Can you post some pics of the new guitar?


----------



## Mwoit (Jun 10, 2015)

Hey hey, fellow Scottish .strandberg* owner here. Ola is an upright fellow, glad to see he fixed your issues.


----------



## JejeLaFrite (Jun 10, 2015)

Yep, I'll post pic over the weekend, I'm still at work now and pretty busy.

HS: Hey Mwoit ! We were in touch last summer when I relocated to Glasgow but we never had time to catch up. I think a beer is waiting for us. PM'd ya


----------



## HighGain510 (Jun 10, 2015)

Glad to hear it all worked out, bummer about the UPS troubles, can't seem to catch a break there, eh?!  Looking forward to pics of the new one and glad it got resolved!


----------



## JejeLaFrite (Jun 11, 2015)

Ok, so had some time to play with it yesterday evening.

Checked properly the guitar, and it's absolutely flawless !
String action was really too high for me (I like it very very low, allowing some "parasitic" as long as it don't go through the amp).
Felt like another instrument once re setup for my playing.

However, I still didn't succeed to adjust the pickup properly. They are almost at the same level so the neck pickup is much louder then the bridge one, tried to rise up a bit the bridge and lower as much as I could the neck, but still not 100% convinced.

I like when the neck PU is slightly less loud than the bridge, to have less grip on distortion and having a more airy sound, but I got the feeling it's not gonna be possible there, unless I dig the pickup cavity :/


----------



## MaKo´s Tethan (Jun 11, 2015)

Awesome


----------



## cubix (Jun 11, 2015)

I don't know if you tried taking the neck pickup out when you change the strings? There might be a foam insert under the pickup to keep it up, if you take that out I'm sure you'll be able to lower it even more. Try it!


----------



## JejeLaFrite (Jun 12, 2015)

Ok, in line with my initial concerns while ordering the guitar, I really don't like theses EMGs..

Just checked the BKP Juggernaut that I adore in my UV70p, and they are just 0.3mm thicker than the 707X (same lenth, less height and slightly wider).
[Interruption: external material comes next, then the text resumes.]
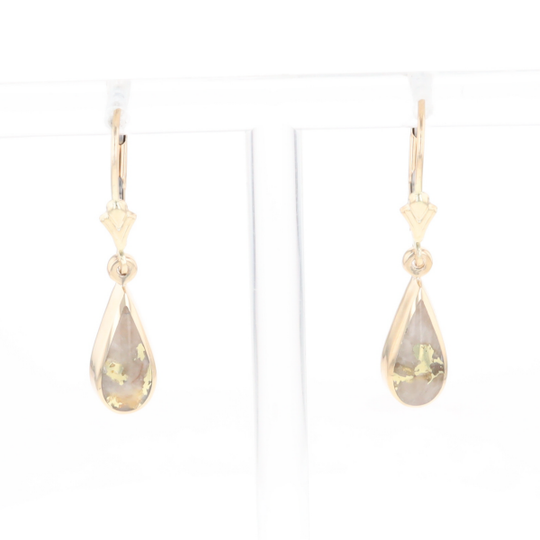 Gold Quartz Earrings Tear Drop Inlaid Lever Backs - G3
I'm starting to consider a direct replacement, as I don't think the tolerance margin of the routing are down to 0.3mm.

Did somebody tried this before ?
Cheers,


----------



## JejeLaFrite (Jun 15, 2015)

Nae feedback ?


----------



## cubix (Jun 15, 2015)

If I were you I would get the EMG 57/66 , 7 string set. They are highly praised of being much more like a passive pickup, way more "dynamic" (totally different beast than the 707X) and they will swap right out without even messing with the wiring.


----------



## asher (Jun 15, 2015)

cubix said:


> If I were you I would get the EMG 57/66 , 7 string set. They are highly praised of being much more like a passive pickup, way more "dynamic" (totally different beast than the 707X) and they will swap right out without even messing with the wiring.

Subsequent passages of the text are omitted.